Start of Input
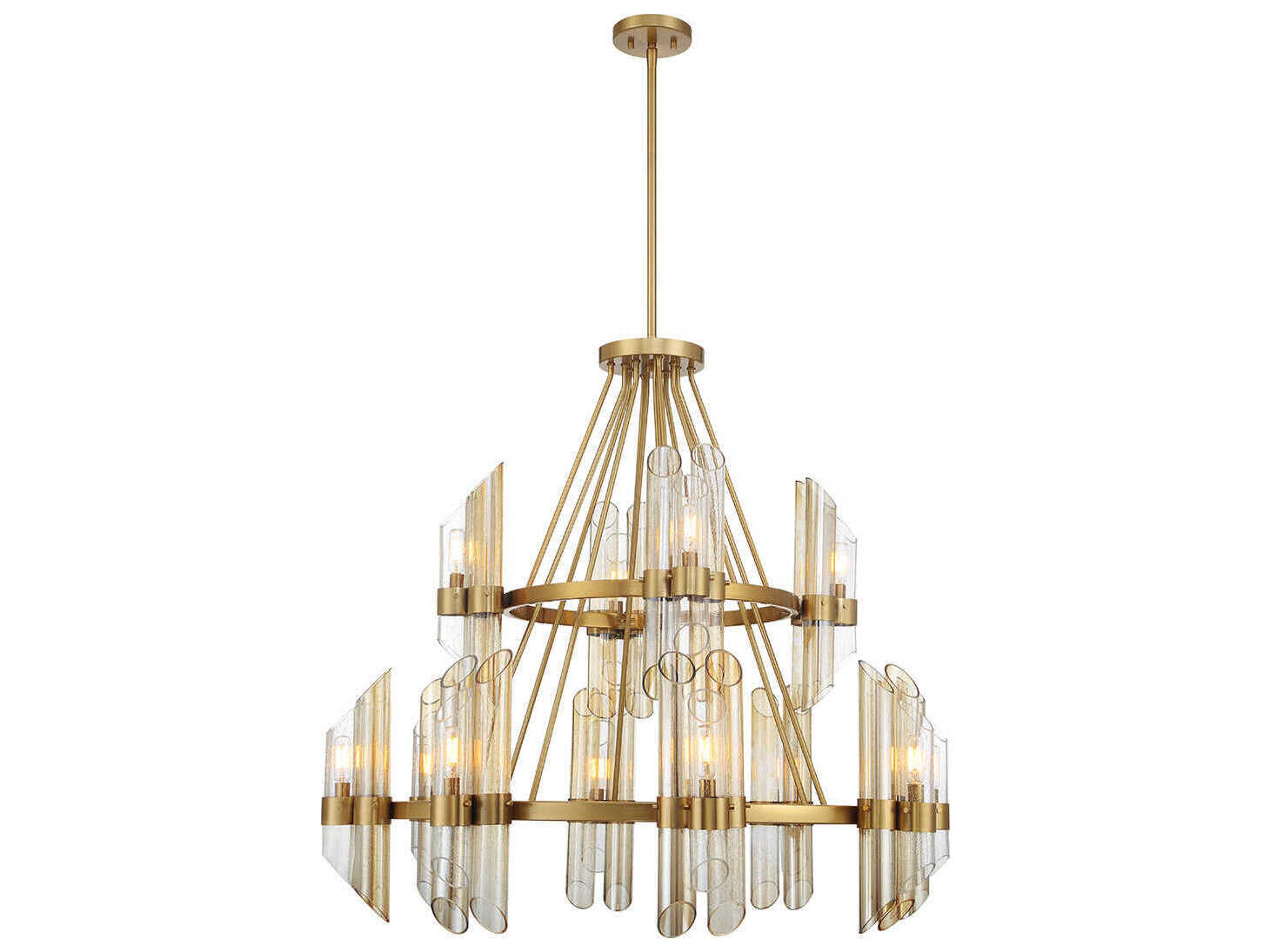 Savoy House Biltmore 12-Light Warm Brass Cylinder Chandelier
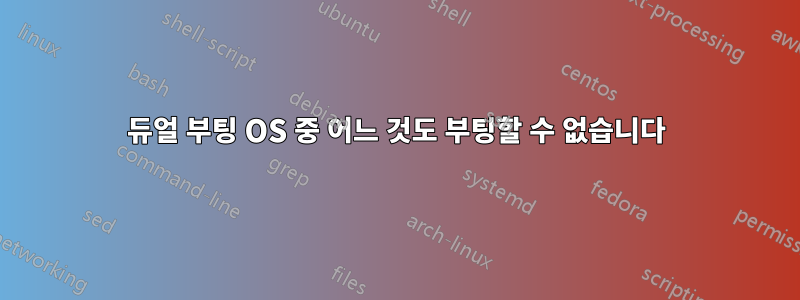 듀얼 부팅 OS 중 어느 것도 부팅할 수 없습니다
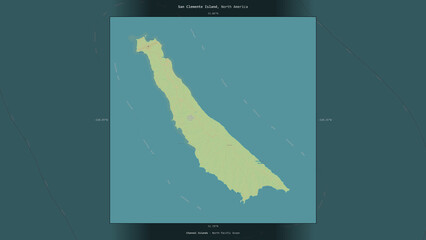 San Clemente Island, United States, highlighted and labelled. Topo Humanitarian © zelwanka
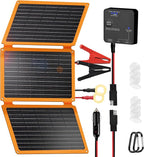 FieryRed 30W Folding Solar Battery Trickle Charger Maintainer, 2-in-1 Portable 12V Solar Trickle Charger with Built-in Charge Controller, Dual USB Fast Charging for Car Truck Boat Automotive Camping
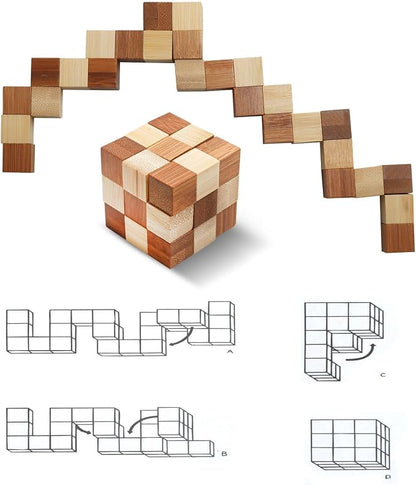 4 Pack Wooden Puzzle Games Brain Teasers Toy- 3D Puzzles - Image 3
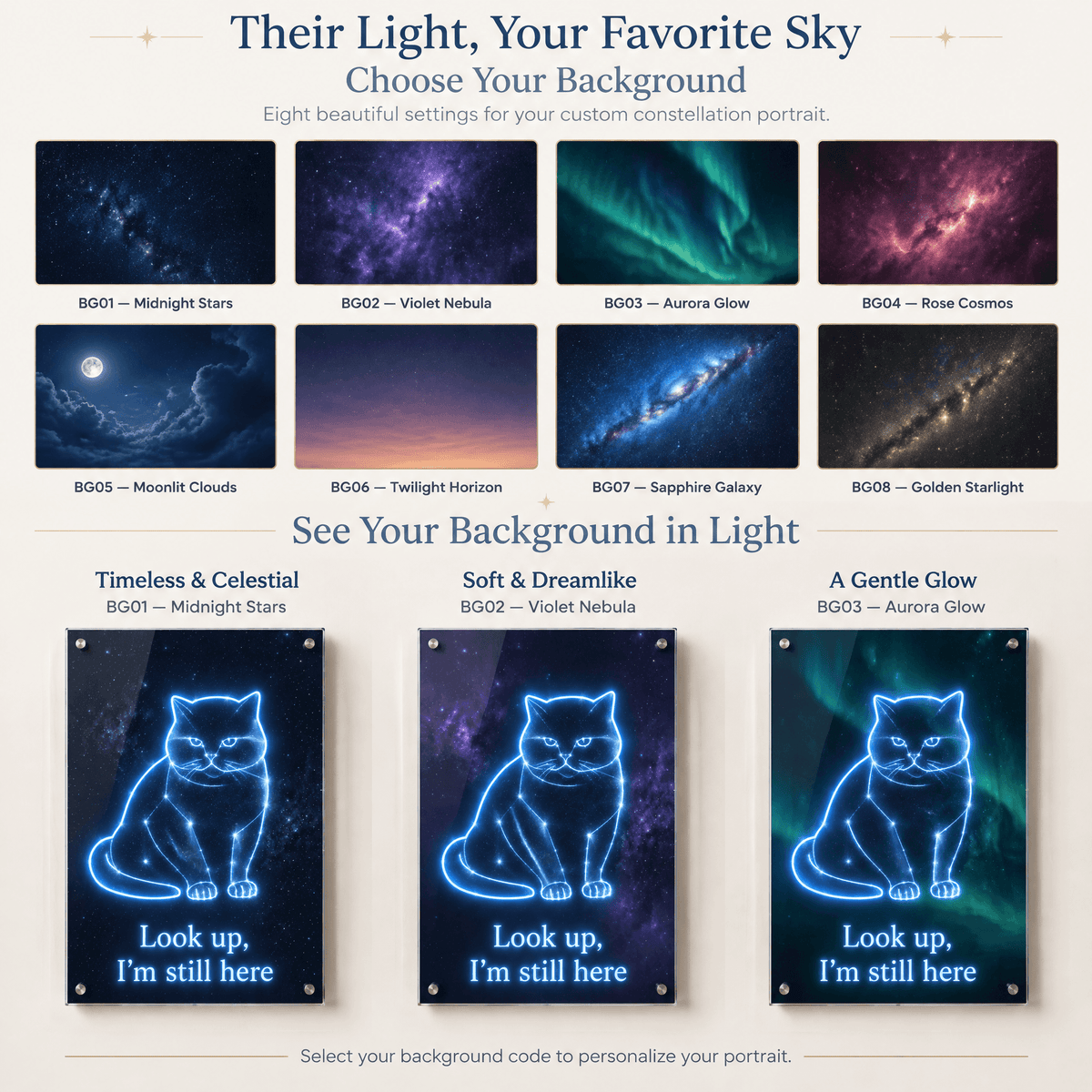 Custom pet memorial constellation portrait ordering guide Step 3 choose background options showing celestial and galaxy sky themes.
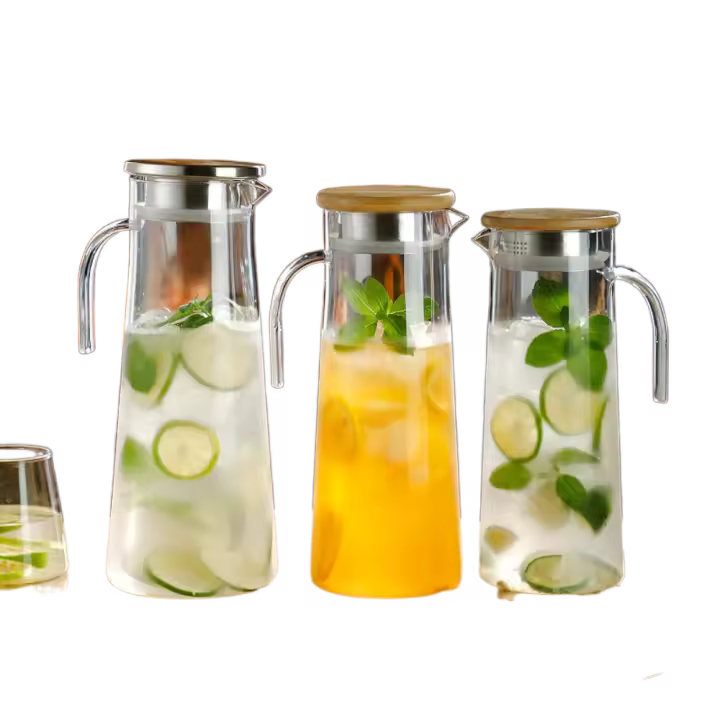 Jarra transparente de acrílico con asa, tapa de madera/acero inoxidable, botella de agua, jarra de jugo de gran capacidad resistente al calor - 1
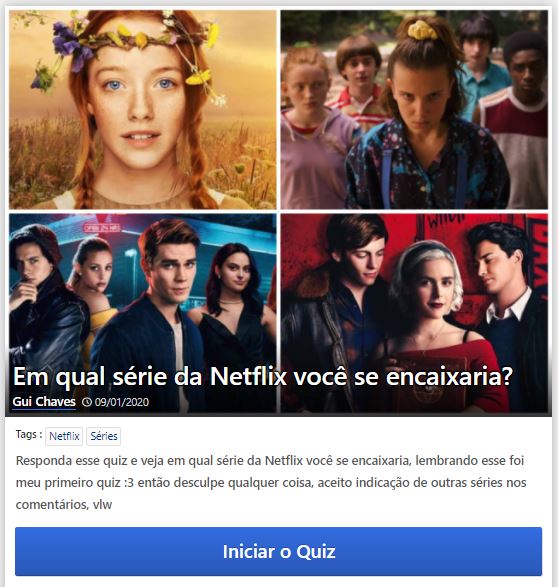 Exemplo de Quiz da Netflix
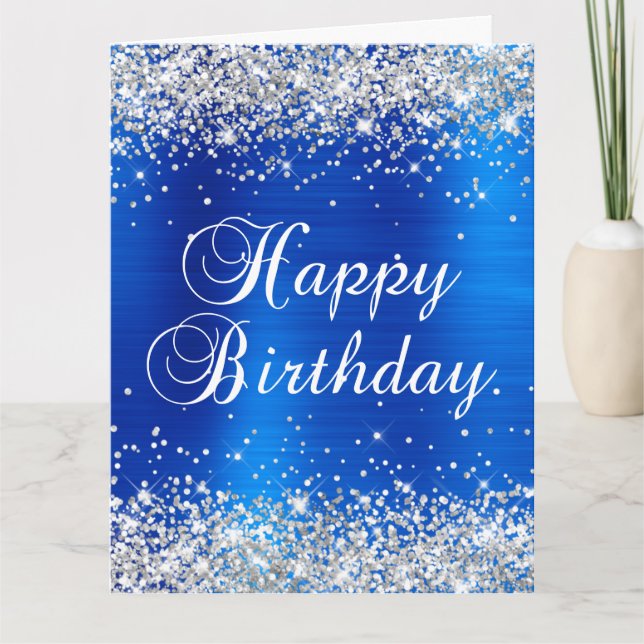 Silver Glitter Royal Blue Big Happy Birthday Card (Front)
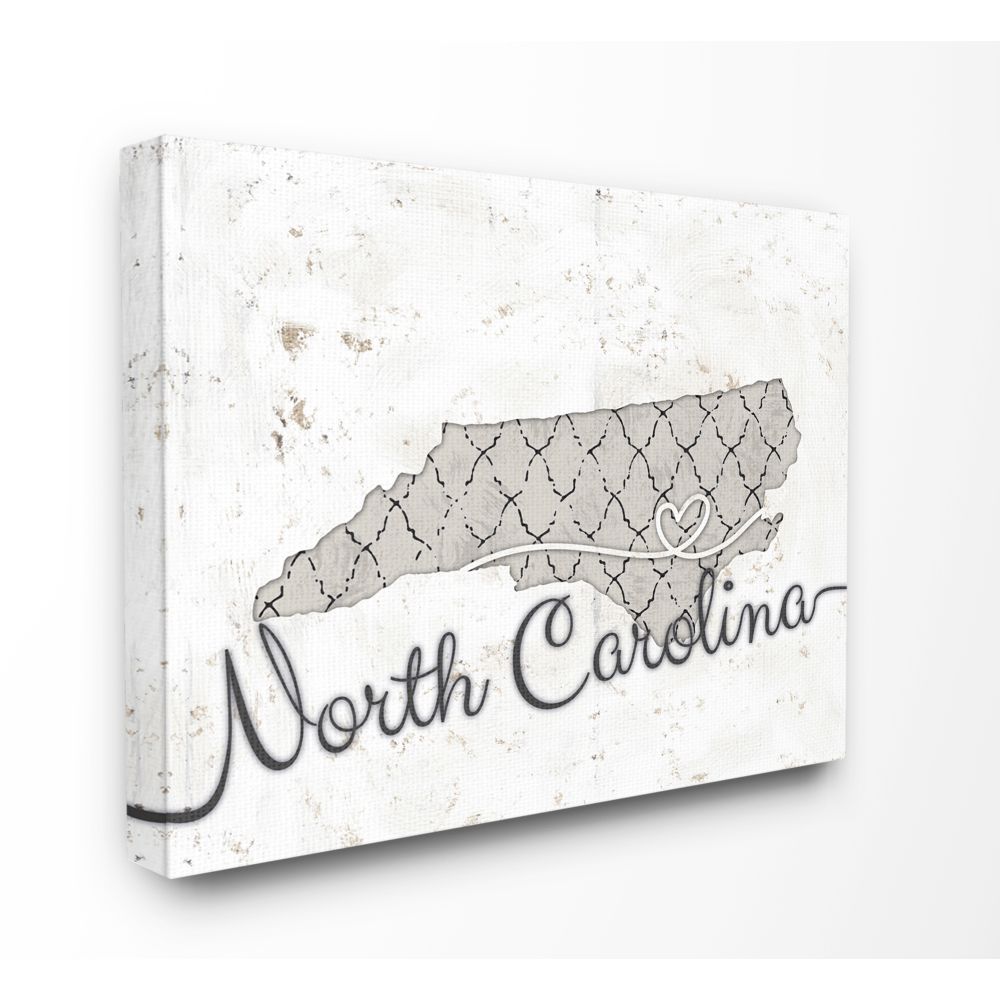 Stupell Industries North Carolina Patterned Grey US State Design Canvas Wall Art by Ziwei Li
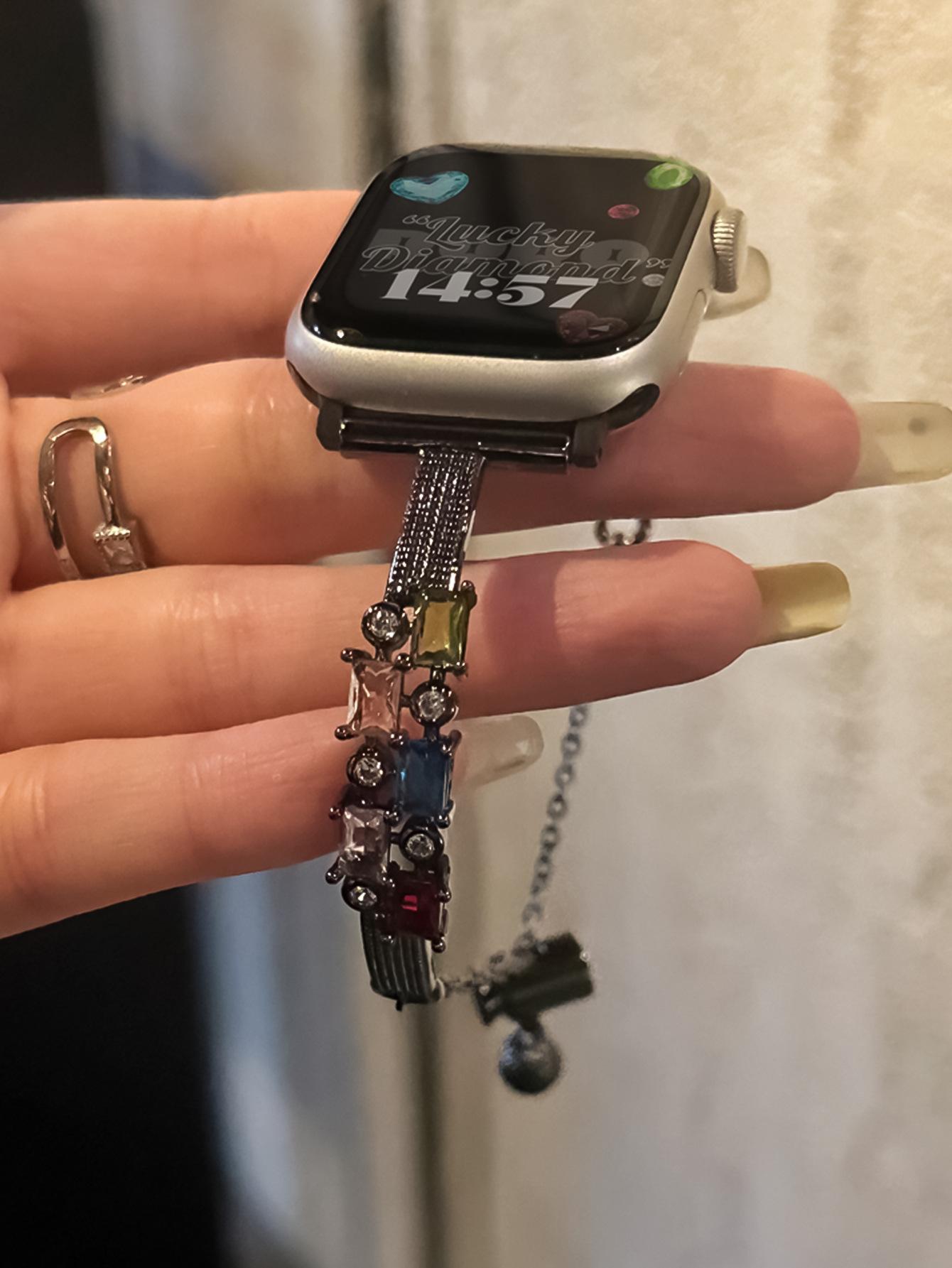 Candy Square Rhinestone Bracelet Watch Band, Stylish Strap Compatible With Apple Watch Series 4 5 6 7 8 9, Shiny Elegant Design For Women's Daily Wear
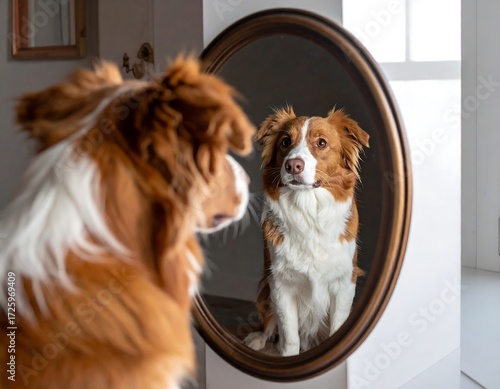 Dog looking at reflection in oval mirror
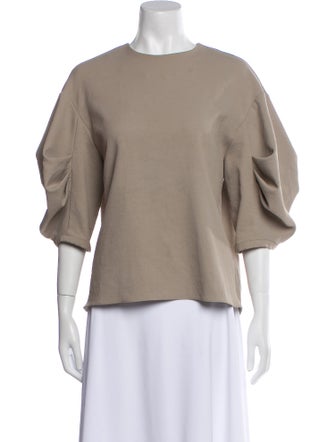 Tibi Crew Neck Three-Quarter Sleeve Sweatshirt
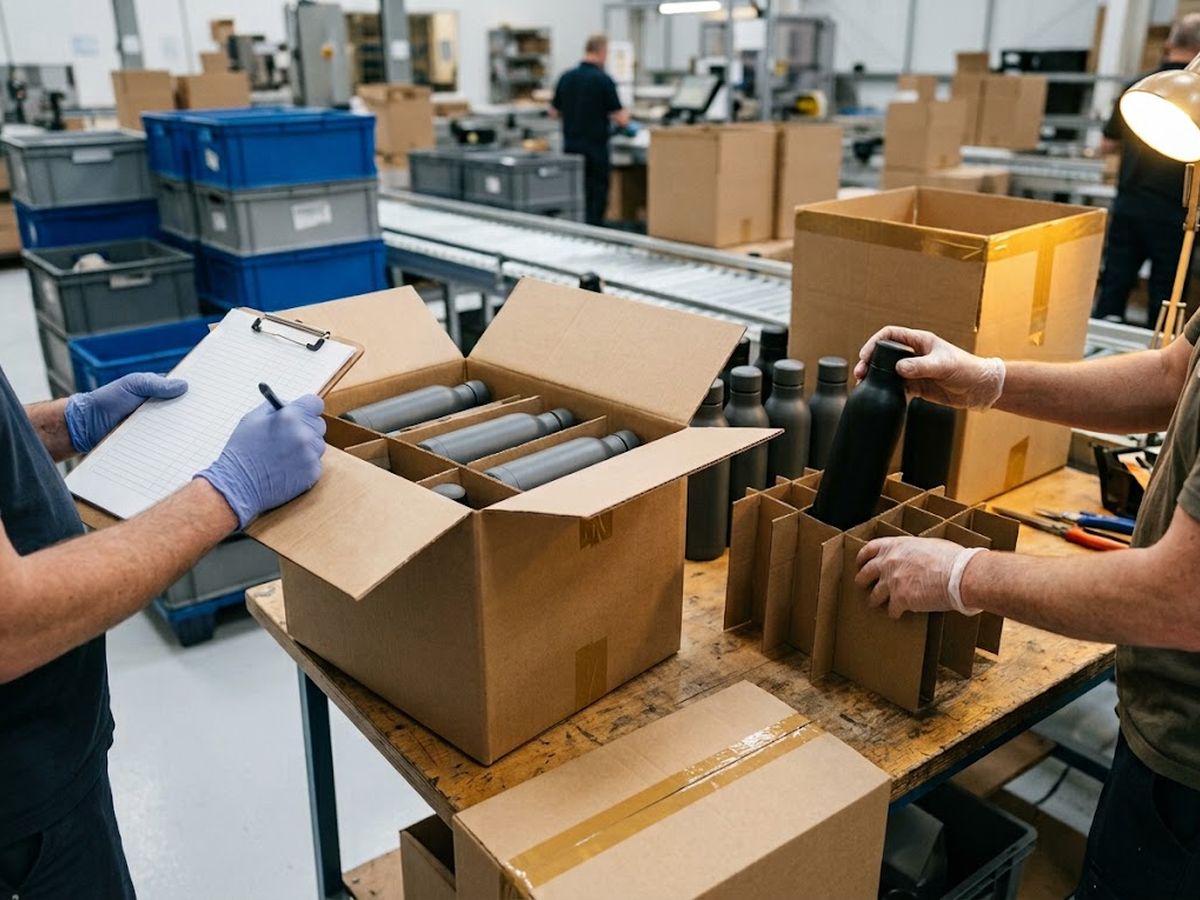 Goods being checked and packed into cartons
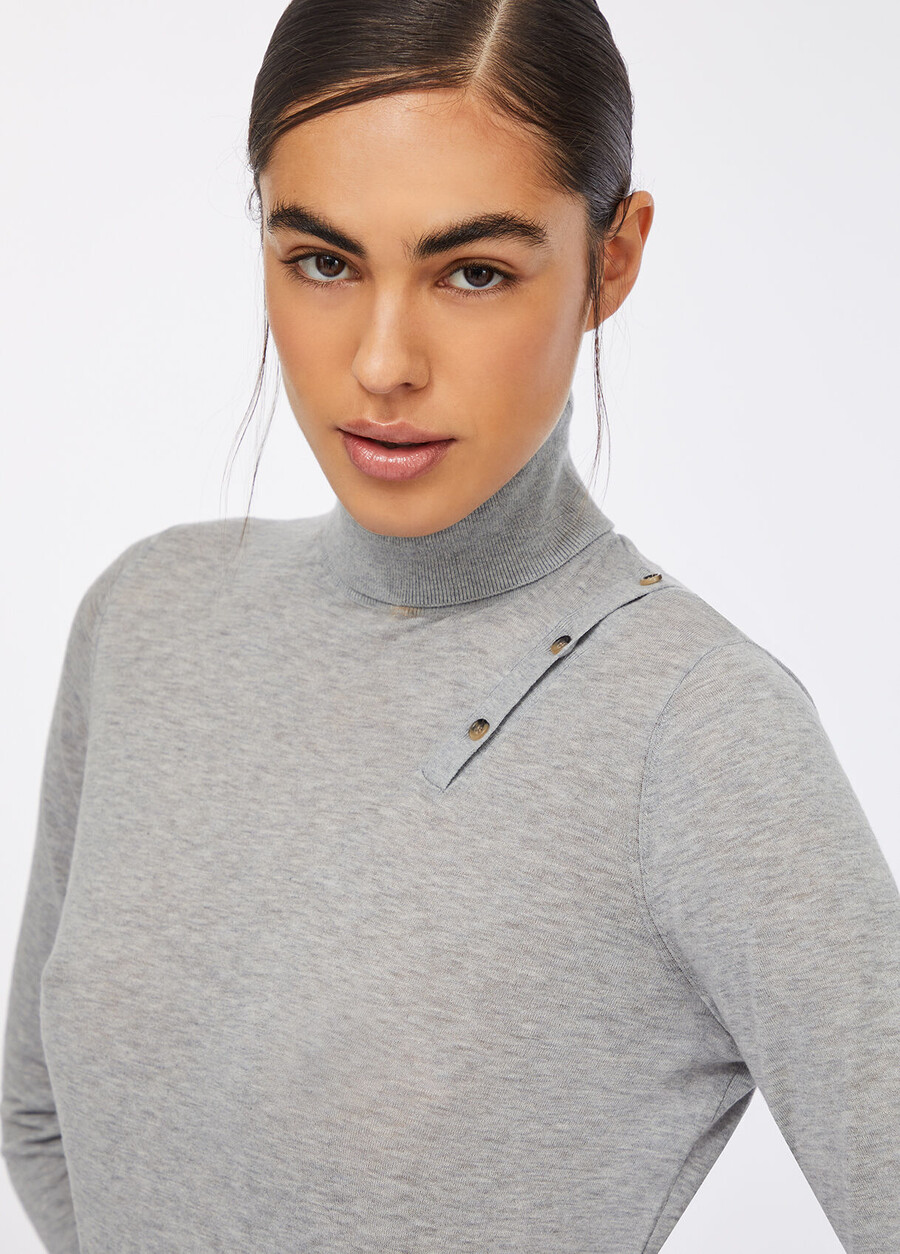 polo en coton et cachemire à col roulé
End of Input
Exercise ::
With the images excluded, all entries are to be given again exactly.

Solution ::
 Savoy House Biltmore 12-Light Warm Brass Cylinder Chandelier
 듀얼 부팅 OS 중 어느 것도 부팅할 수 없습니다
 San Clemente Island, United States, highlighted and labelled. Topo Humanitarian © zelwanka
 FieryRed 30W Folding Solar Battery Trickle Charger Maintainer, 2-in-1 Portable 12V Solar Trickle Charger with Built-in Charge Controller, Dual USB Fast Charging for Car Truck Boat Automotive Camping
 4 Pack Wooden Puzzle Games Brain Teasers Toy- 3D Puzzles - Image 3
 Custom pet memorial constellation portrait ordering guide Step 3 choose background options showing celestial and galaxy sky themes.
 Jarra transparente de acrílico con asa, tapa de madera/acero inoxidable, botella de agua, jarra de jugo de gran capacidad resistente al calor - 1
 Exemplo de Quiz da Netflix
 Silver Glitter Royal Blue Big Happy Birthday Card (Front)
 Stupell Industries North Carolina Patterned Grey US State Design Canvas Wall Art by Ziwei Li
 Candy Square Rhinestone Bracelet Watch Band, Stylish Strap Compatible With Apple Watch Series 4 5 6 7 8 9, Shiny Elegant Design For Women's Daily Wear
 Dog looking at reflection in oval mirror
 Tibi Crew Neck Three-Quarter Sleeve Sweatshirt
 Goods being checked and packed into cartons
 polo en coton et cachemire à col roulé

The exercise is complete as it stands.